World Bank Slashes Global Growth Forecast as Trade Tensions Bite

  • The World Bank on Tuesday slashed its global growth forecast for 2025 by 0.4 percentage point to 2.3%, noting that higher tariffs and heightened uncertainty posed a "significant headwind" for nearly all economies.
  • In its twice-yearly Global Economic Prospects report, the bank lowered its forecasts for nearly 70% of all economies - including the United States, China and Europe, as well as six emerging market regions - from the levels it projected just six months ago before U.S. President Donald Trump took office.
  • Trump has upended global trade with a series of on-again, off-again tariff hikes that have increased the effective U.S. tariff rate from below 3% to the mid-teens - its highest level in almost a century - and triggered retaliation by China and other countries.
  • The World Bank is the latest body to cut its growth forecast because of Trump's erratic trade policies, although U.S. officials insist the negative consequences will be offset by a surge in investment and still-to-be approved tax cuts.
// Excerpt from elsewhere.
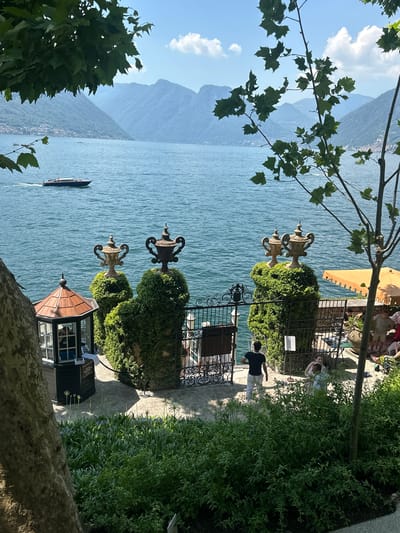 The image depicts a scenic view of Lake Como in Tremezzina, Italy. In the foreground, lush green foliage frames the scene, with a large tree trunk on the left and branches overhead. A small, ornate gazebo with a copper roof is visible on the left, beside a black structure with windows, possibly a ticket booth or information kiosk.
Dominating the middle ground are two elaborately trimmed topiaries shaped like urns, each topped with a decorative urn statue. Between them is an open wrought-iron gate, with more ornate fencing to the right. Beyond the gate, a paved area is visible, with a few people seated at tables under a yellow umbrella.
The water of Lake Como stretches into the background, with a boat cruising across its surface. In the distance, rolling mountains rise, covered in verdant vegetation and dotted with buildings, suggesting the presence of villages along the shore. The sky is a clear blue with a few wispy clouds, indicative of a sunny day.
Several people are present in the image. A man in a black t-shirt and white pants stands near the gate, facing away from the camera. A woman and a child are visible in the background, near the seated patrons. Another person is partially visible inside the gazebo. The overall scene conveys a serene and picturesque atmosphere of a lakeside garden estate.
The bank stopped short of forecasting a recession but said global economic growth this year would be its weakest outside of a recession since 2008. By 2027, global gross domestic product growth was expected to average just 2.5%, the slowest pace of any decade since the 1960s.
  • The report forecasts that global trade would grow by 1.8% in 2025, down from 3.4% in 2024 and roughly a third of its 5.9% level in the 2000s. The forecast is based on tariffs in effect as of late May, including a 10% U.S. tariff on imports from most countries. It excludes increases announced by Trump in April and then postponed until July 9 to allow for negotiations.
  • "Risks to the global outlook remain tilted decidedly to the downside," the bank wrote. It said its models showed that a further 10-percentage point increase in average U.S. tariffs, on top of the 10% rate already implemented, and proportional retaliation by other countries, could shave another 0.5 percentage point off the outlook for 2025.
  • Such an escalation in trade barriers would result "in global trade seizing up in the second half of this year ... accompanied by a widespread collapse in confidence, surging uncertainty and turmoil in financial markets," the report said. Nonetheless, it said the risk of a global recession was less than 10%.